Pahitnya Kopi Arabika Bajawa: Tragedi dan Ancaman Krisis Kopi

Pahitnya Kopi Arabika Bajawa:
Tragedi dan Ancaman Krisis Kopi 

Oleh Tony Djogo

Antara tahun 2022 sampai 2024 saya keliling berbagai daerah penghasil kopi di enam Kabupaten  Flores. Tujuan saya adalah melihat perkembangan kebun-kebun kopi, produksi dan rata-rata pendapatan  dan ekonomi petani. Kemudian tahun 2023 saya kunjungi  banyak kebun kopi  berbagai desa penghasil kopi di Kabupaten Ngada khususnya tiga kecamatan penghasil kopi arabika  (Bajawa, Golewa dan Golewa Barat)  untuk melihat perkembangan  kebun-kebun  kopi arabika Bajawa. Saya tanyakan juga bagaimana pandangan petani, UPH dan Koperasi yang berbisnis kopi. 

Saya   temukan berbagai fenomena yang menyedihkan.  Luas tanam dan produksi kopi arabika Bajawa menurun drastis. Lebih dari setengah luas real kebun kopi sudah dikonversi menjadi kebun tanaman hortikultura; sayuran seperti sawi, kol, wortel, terong sayur.  bawang atau lombok dll, Bahkan banyak  petani memastikan bahwa kopi yang ada sekarang diperkirakan tinggal 30 persen. Bahkan mungkin kurang kata mereka. Hasil konsultasi daya dengan Dinas Pertanian mendapatkan beberapa data yang menyedihkan.

Luas kebun  dan produksi tinggal 30  persen posisi tahun 2015

Berdasarkan data Dinas Pertanian dan BPS, Jika tahun 2003 luas kebun kopi belum menghasilkan adalah 3.064 ha dan yang sudah menghasilkan adalah 2.856 ha  dengan total produksi 1.996 ton. Tahun 2005 luas tanaman yang belum menghasilkan adalah 798 ha dan yang sudah menghasilkan adalah 2.984 ha dengan produksi total (Arabika dan Robusta) 967 ton.  

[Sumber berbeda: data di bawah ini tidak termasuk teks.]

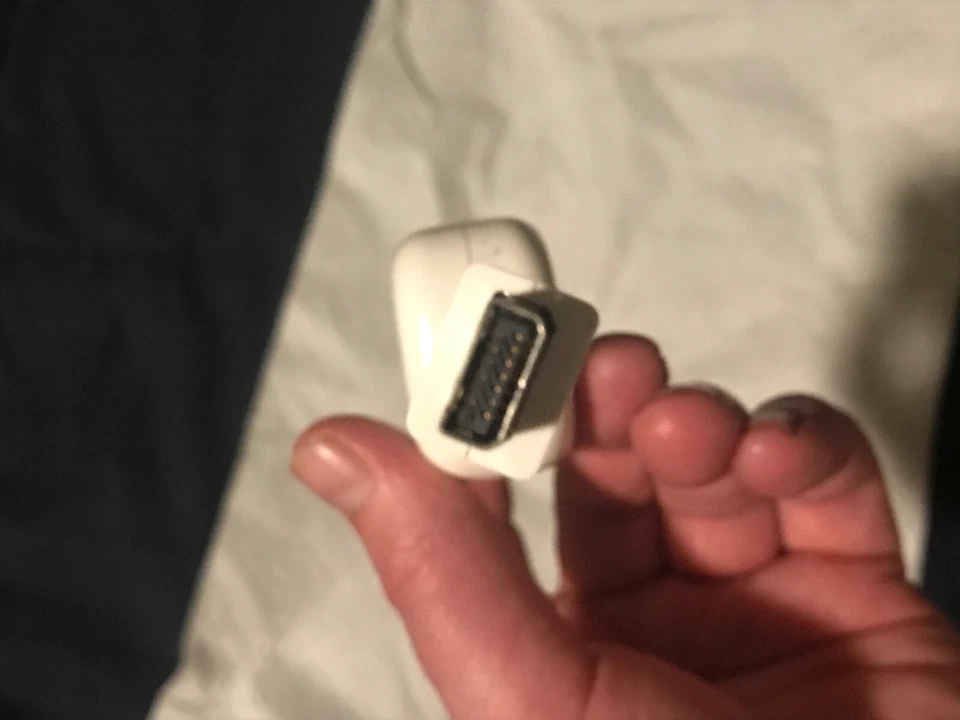 Apple Mini-VGA Plug to S Video & RCA composite Mac to TV Adapter 603-2650  - Image 3 of 4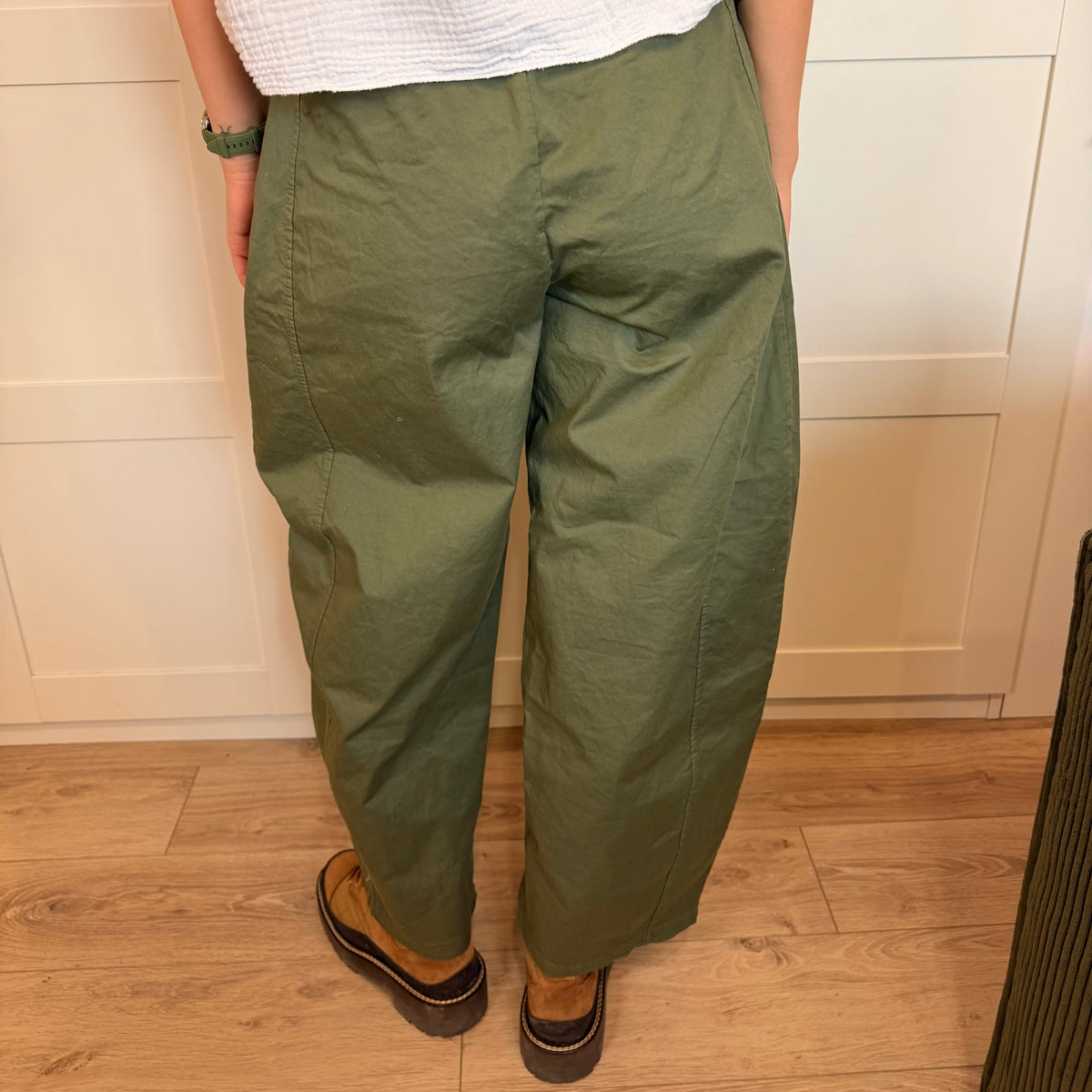 Pantalon barrel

Tahun 2015 total luas lahan kopi adalah 6.462 ha dengan total produksi 3.459 ton. Tahun 2024 total luas lahan kopi turun menjadi 1.807,47 ha dengan total produksi turun jauh menjadi 736,41 ton. Penurunan ini sangat tajam dan dramatis. Secara nyata dapat dilihat di lapangan di berbagai desa bagaimana banyak kebun kopi sudah dikonversi menjadi tanaman hortikultura dengan dampak positif maupun negatif. Dampak positip bagi petani adalah mereka memperoleh uang tunai yang lebih banyak dan lebih cepat setelah konversi menjadi hortikultura. Dampak negatifnya ada  kebun kopi yang mulai tercemar bahan kimia dari  herbisida atau pestisida.

uas kebun kopi tertinggi tercatat terjadi pada 2018  dengan luas total  6.740,00 ha  dan produksi 2.347,00 ton.  Produksi tertinggi terjadi pada  2015 dengan produksi 3.459 ton lalu menurun tahun 2016  dengan produksi 3.458,12 tetapi luas tanam 6.626,00 ha (Sumber : Dinas Pertanian Kabupaten Ngada).


Angka angka kadang membingungkan, sering tidak konsisten ada terjadi penurunan luas tanam tetapi terjadi peningkatan hasil sepeti yang dapat dilihat dalam Data Kopi di Kabupaten Manggarai Timur atau inkonsistensi data  kopi di Kabupaten Nagekeo. Sepertinya tidak ada verifikasi atau uji dan koreksi data yang dihasilkan. Data yang tidak tepat mempersulit penyusunan perencanaan pengembangan kopi baik dari aspek budidaya maupun  perencanaan bisnis  kopi.

Pamor dan popularitas kopi arabika Bajawa yang menjadi salah satu kopi  populer di Indonesia dengan cita rasa  yang spesial dan  diekspor ke berbagai negara sudah merosot  produksinya jauh dan menjadi sebuah paradoks. Popularitas masih sangat tinggi tetapi semakin banyak petani meninggalkan budidaya kopi. Produksi menurun  dan pendapatan petani menurun. Semakin banyak petani tidak tertarik menanam dan mengusahakan kopi.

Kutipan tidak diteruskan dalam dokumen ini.